A recent study has demonstrated that ultrafiltration, in combination with spray-drying, is applicable for the preparation of protein-bound polysaccharide powders with higher anti-tumour activities from Agaricus Blazei Murill (Hong et al., 2007). Thermostable antioxidant activity has also been reported from Agaricus blazei Murill (Izawa and Inoue, 2004).
A study to evaluate the chronic toxicity and oncogenicity of Agaricus blazei Murill in F344 rats has recently been reported (Lee et al., 2008). Long-term (2 years) feeding of rats of a powdered diet containing Agaricus blazei at levels up to 25,000 ppm (parts per million) revealed no remarkable change in mean body weight, body weight gain, hematologic or serum chemistry parameters, or absolute or relative organ weights in control or treatment groups. Mortality in male treatment (mushroom) groups was significantly lower than in controls. Histopathological studies showed no increased incidence of tumours.
A recent study has also reported good bioavailablity of both copper and zinc from mycelium of Agaricus blazei Murrill equating to very good levels of recommended daily intakes of these minerals from small amounts of (1g) of this mushroom (Rabinovich et al., 2007).

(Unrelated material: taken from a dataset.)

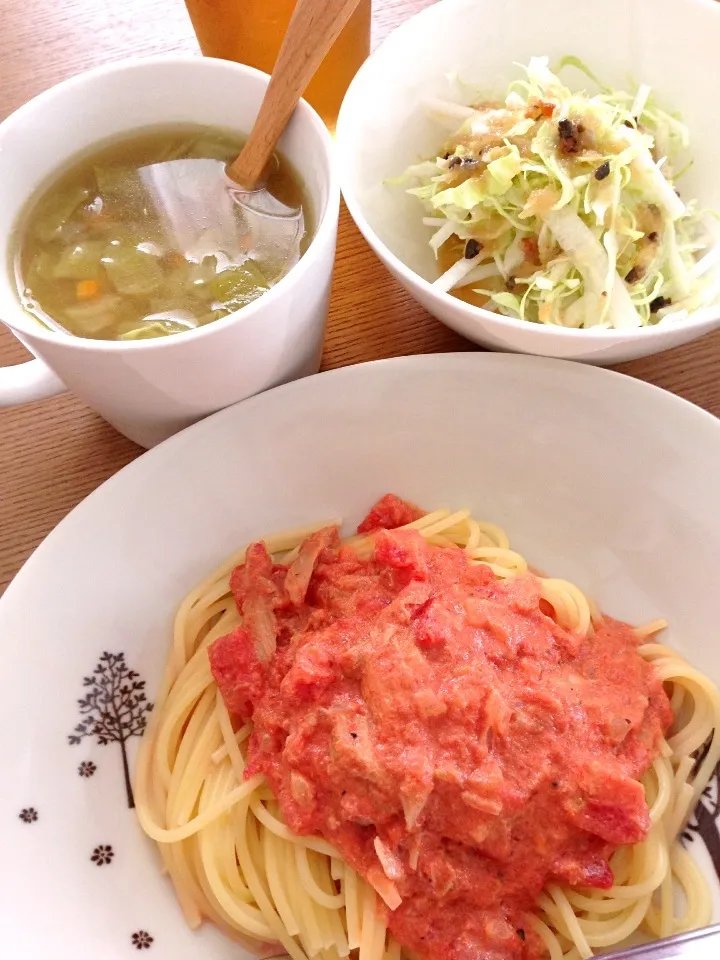 トマトとツナのクリームパスタ|とみいさん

Anti-viral activities of Agaricus blazei Murill have been demonstrated against cytopathic effects induced by western equine encephalitis (WEE) virus by the mycelial fractions but not those of fruiting bodies (Sorimachi et al., 2001).

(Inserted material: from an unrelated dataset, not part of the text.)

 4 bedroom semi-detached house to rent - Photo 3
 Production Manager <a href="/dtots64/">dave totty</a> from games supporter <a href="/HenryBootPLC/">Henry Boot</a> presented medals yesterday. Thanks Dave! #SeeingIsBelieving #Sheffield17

Ethanol extracts and hot water extracts of Agaricus blazei, Agrocybe cylindracea, and Boletus edulis have been shown to have significant antioxidant properties. The ethanolic extracts were more effective than hot water extracts in antioxidant activity using the conjugated diene method and scavenging ability on 1,1-diphenyl-2-picrylhydrazyl radicals whereas hot water extracts were more effective in reducing power, scavenging ability on hydroxyl radials and chelating ability on ferrous ions as demonstrated by their lower EC50 values. Naturally occurring antioxidant components including total tocopherols (3.18-6.18mg/g) and total phenols (5.67-5.81mg/g) were found in the extracts and their contents were associated with the EC50 value of the antioxidant properties (Tsai et al., 2007).

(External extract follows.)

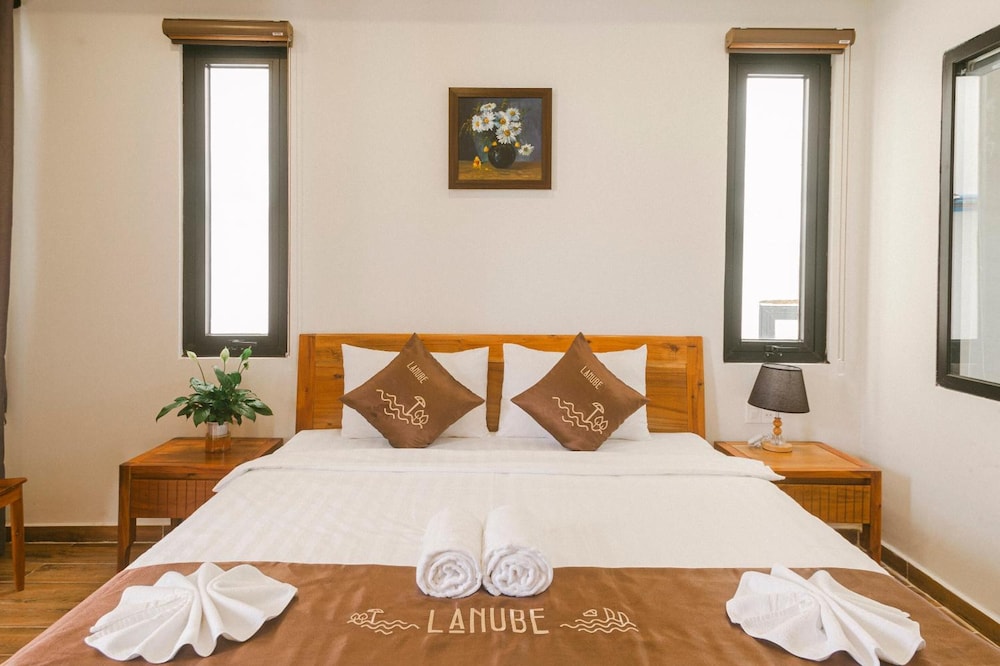 Deluxe Double Room - Photo 12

Differences of the pharmacological effects of Agaricus blazei cultured on various materials have been examined. Agaricus blazei mushrooms were prepared on culture media composed of 1) tops of sugar cane shoots (stems and leaves), 2) rice straw 3) wheat straw, 4) broad leaf tree bark, and 5) used substrate after Pleurotus ostreatus cultivation. The pharmacological effects of this mushroom were examined by the following methods; 1) anti platelet aggregation stimulated by PAF or arachidonic acid Na, 2) inhibition of IL-8 gene expression stimulated by TNF-alpha, 3) improvements of rough surfaces by using replica method. In both the anti-platelet aggregation test and chemokine gene revelation control test, A. blazei cultured on the top shoot of sugar cane medium showed the most effective results compared with that cultured on other media. The results suggested that the A. blazei cultured on the top shoot of sugar cane medium has increased pharmacological activity compared to mushrooms cultured on rice or wheat straw or broad leaf bark (Yoshimoto et al., 2005).